First for cruise ships, now also for container ships: the first shore-side power stations for box carriers are being built at HHLA Container Terminals Burchardkai and Tollerort in the Port of Hamburg. From 2023 on, they will deliver green electricity from the public grid to ships in an initial test phase.
The Hamburg Port Authority (HPA), as proprietor of the quaysides at the Port of Hamburg, commissioned Siemens AG to construct the corresponding systems. The use of shore-side electricity substantially reduces the emissions of a docked ship. As soon as the electricity is connected, the diesel generators usually used for power on board can be switched off. This reduces not only air pollution and greenhouse gases but also local noise emissions to a minimum.

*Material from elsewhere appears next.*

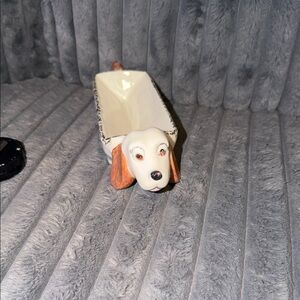 Vintage Ceramic Dachshund Cracker Tray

Shore-side power stations are an effective and sensible solution for emissions-free layovers. They eliminate the emission of nitrogen oxides, sulphur dioxide, soot particles and greenhouse gases while ships are docked. – Their workings are technically complex. It’s not enough to use a long, thick cable and two plugs; large container ships require about as much power as a small city.
Background: In international seaborne transport, approximately 75 percent of all ships are equipped with 60 hertz on-board power systems. Yet only a quarter of all countries’ electrical grids operate on this frequency: for example, Germany uses 50 hertz. This means the land frequency and on-board frequency must be adapted – a complex undertaking that must also be safe.
The first shore-side power station for cruise ships in Europe already began operations at the Cruise Center Altona in 2016. It serves as a model for the new systems at HHLA Container Terminals Burchardkai and Tollerort.